Related: including perfectly good framework for skill challenges and only using it for a couple downtime activities. (Best example is the Crime activity as written in Xanathar’s)

But also…not using that to give variability to crafting or training…

Multiple rolls, more successes means less time and money spent, or potentially better than planned-for results. I have never had a player who preferred to not roll for stuff like this.
 

Welcome to caster-centric design, where yes, this literally can be true, depending on what that spellcaster has prepared.
I don’t even agree that this is true, or at least it is extremely rare and never happens before rather high levels. But also the entire CharOp mindset that underpins the idea of it is distasteful to me.
It's clunky, mechanistic, requires inordinate amounts of houseruling and system mastery, purports to model reality well but in fact does so very poorly, and takes forever to play?
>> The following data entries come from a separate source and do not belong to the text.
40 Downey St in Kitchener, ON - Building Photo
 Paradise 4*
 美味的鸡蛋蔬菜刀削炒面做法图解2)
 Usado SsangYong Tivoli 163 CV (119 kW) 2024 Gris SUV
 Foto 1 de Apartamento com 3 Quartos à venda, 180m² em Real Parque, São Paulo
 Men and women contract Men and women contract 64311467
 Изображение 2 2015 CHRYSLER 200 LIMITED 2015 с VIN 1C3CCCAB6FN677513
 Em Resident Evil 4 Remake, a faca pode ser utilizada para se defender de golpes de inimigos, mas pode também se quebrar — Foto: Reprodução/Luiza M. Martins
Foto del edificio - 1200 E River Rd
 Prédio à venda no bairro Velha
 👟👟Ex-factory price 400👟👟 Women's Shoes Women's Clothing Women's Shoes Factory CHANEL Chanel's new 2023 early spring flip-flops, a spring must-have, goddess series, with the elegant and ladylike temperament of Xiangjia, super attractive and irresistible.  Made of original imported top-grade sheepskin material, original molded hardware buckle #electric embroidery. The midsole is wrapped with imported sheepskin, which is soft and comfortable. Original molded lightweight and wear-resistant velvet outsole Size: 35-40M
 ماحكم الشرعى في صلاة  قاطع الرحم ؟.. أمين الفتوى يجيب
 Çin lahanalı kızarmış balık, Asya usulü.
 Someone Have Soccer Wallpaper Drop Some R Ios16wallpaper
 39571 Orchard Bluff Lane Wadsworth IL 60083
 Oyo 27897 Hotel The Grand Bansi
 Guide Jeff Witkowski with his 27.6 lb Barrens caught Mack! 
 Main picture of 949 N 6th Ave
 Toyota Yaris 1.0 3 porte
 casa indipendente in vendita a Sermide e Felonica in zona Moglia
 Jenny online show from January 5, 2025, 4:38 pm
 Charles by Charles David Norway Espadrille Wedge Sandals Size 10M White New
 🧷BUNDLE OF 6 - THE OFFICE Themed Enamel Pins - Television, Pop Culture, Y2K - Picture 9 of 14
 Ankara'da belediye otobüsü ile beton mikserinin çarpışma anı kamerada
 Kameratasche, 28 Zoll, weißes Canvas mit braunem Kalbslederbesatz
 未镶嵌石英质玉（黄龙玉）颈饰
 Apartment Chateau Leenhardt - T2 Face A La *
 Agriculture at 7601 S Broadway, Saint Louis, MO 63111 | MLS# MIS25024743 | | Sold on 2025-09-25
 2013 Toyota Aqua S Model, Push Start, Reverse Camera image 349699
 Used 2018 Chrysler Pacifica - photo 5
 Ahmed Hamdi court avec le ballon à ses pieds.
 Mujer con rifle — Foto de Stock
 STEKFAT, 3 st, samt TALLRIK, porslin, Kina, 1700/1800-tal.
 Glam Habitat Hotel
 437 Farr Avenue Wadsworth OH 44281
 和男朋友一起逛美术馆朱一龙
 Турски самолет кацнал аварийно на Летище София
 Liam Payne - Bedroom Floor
I also have an old mower with a funky throttle and a choke that needs constant tweaking. Must be something about my personality.
😂 I can sort of relate, though not directly.

I like well designed complexity. I hate keurigs and barely tolerate basic coffee makers. Both have value only for convenience locations where the coffee doesn’t really matter.

French Press is about the simplest I go for, and I’d prefer a balanced syphon brewer.

But 3.5 is like…a late 90’s ford pickup.
 


Grappling in 3rd edition was really awful.

One of the things that is so complicated you don't remember it unless you use it several times, while also being too complicated to try looking it up during the game to use it.
 

For 3E: A rules reference to a rules reference to a rules reference...each of which might be quite involved and would lead to the discovery of elaborate sub-systems.

One PC had a shadow sidekick, which I think was a PRC feature, but getting all the rules for it required extensive cross-referening, and I don't think we ever quite figured it out!

And then there was grappling...
Ah, the old Polymorph see Alter Self see whatever chain of references that I’d always get annoyed at every time I had to look at those rules.